Seven ways FBI contradicted Clinton’s email claims
By Julian Hattem
The Justice Department this week exonerated Clinton of allegations that she mishandled classified information.
But in the process, FBI Director James Comey opened the door to new charges that she lied to Congress and the American public.
Republican lawmakers are promising to refer to the FBI potential misstatements that Clinton made under oath during an 11-hour testimony before the House Select Committee on Benghazi. That referral could lead to a new investigation, once again putting Clinton under the glare of the Justice Department.
Here are some of the statements Clinton has said on Capitol Hill and elsewhere contradicted by the FBI this week:
"I did not email any classified material to anyone on my email”
This is one of the first claims that Clinton made about her email setup, in a press conference at the United Nations shortly after it was revealed last year.
In fact, more than 2,000 emails now contain information considered classified, but most of that was upgraded after it was sent.
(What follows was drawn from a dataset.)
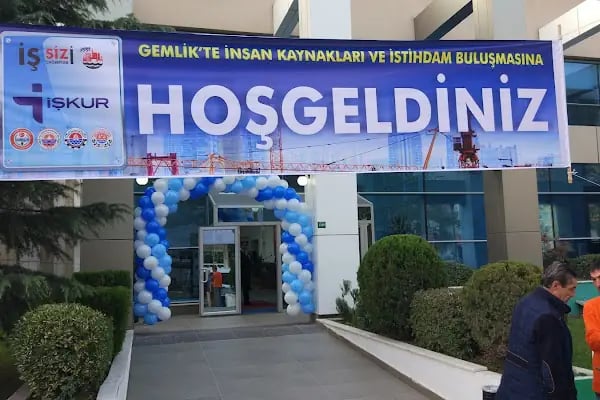 Gemlik Sosyal Yaşam Merkezi Olimpik Yüzme Havuzu - Resim 11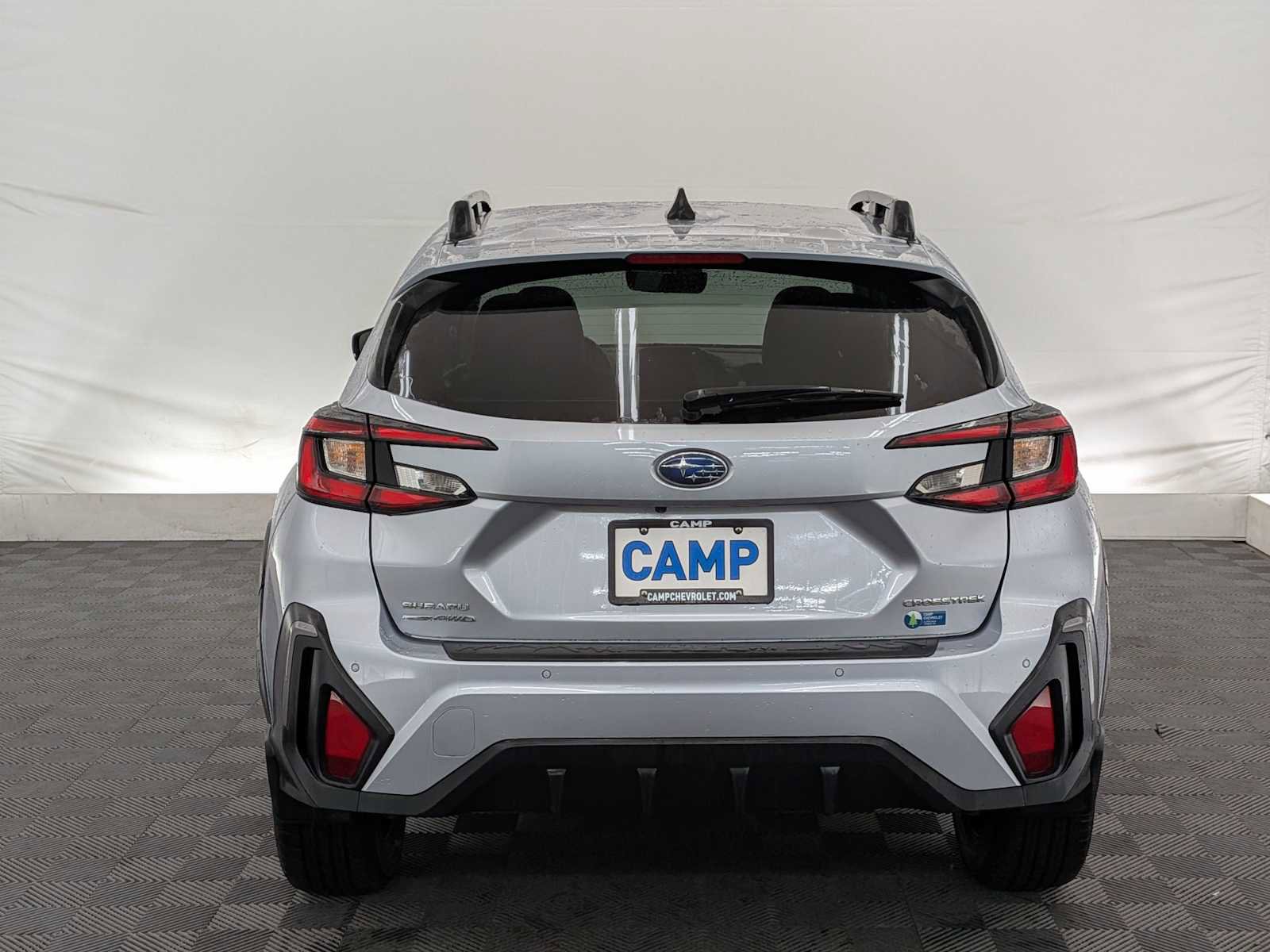 Used 2024 Subaru Crosstrek 2.5i Limited w/ Crosstrek Mirror Package image 5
According to Comey, a total of 113 emails contained information that was classified at the time the messages were sent or received. Among those are eight threads containing 22 emails classified as top secret — the highest tier of classification.
“There was classified material emailed,” Comey told the House Oversight Committee on Thursday.
“There was nothing marked classified on my emails, either sent or received”
After it became clear that a sizable portion of Clinton’s email traffic was classified, the former secretary of State has changed her story.
Some information may have been classified, but none was marked as such, she said during the Benghazi Committee hearing, repeating a claim she has uttered frequently.
But the reality is more complicated.
At least three emails among the more than 30,000 reviewed by the FBI have included some markings indicating information was classified.
“There were a small number of portion markings on, I think, three of the documents,” Comey testified this week.
Those markings, however, were incomplete and according to the State Department made out of “human error.”
Classified documents are supposed to be marked as such at multiple points throughout the document, including at the top and next to each sensitive portion.
The three emails in Clinton’s inbox did not include the markings at the top of the page, just the ones next to particular sections. And the relevant portions did not actually contain classified information.
According to Comey, Clinton might have not understood that the section markings — upper-case “C”s in parentheses — indicating that the information was supposed to be confidential, the lower tier of classification.
“I don't think that our investigation established she was actually particularly sophisticated with respect to classified information and the levels and treatment,” the FBI director told the House Oversight Committee.
Still, Comey told reporters this week that anyone in Clinton’s position should have understood that dozens of the messages contained sensitive information.
“Even if information is not marked ‘classified’ in an email, participants who know or should know that the subject matter is classified are still obligated to protect it,” he said.
“It was allowed, but it was not a good choice”
Clinton has repeatedly described her email setup as permitted under the letter of the rules, though perhaps unwise. This quote came from the middle of her Benghazi Committee testimony.
Both the State Department’s inspector general and the FBI disagree with that claim.
The department’s internal watchdog released a harshly critical report earlier this year saying that the setup “would not” have been approved, had Clinton sought permission.
Had employees within the FBI had a similar system, Comey testified this week, they might have been subject to a range of punishments up to and including being fired.
“You could be walked out or, depending on the nature of the facts, you could be reprimanded,” the FBI director testified in the House.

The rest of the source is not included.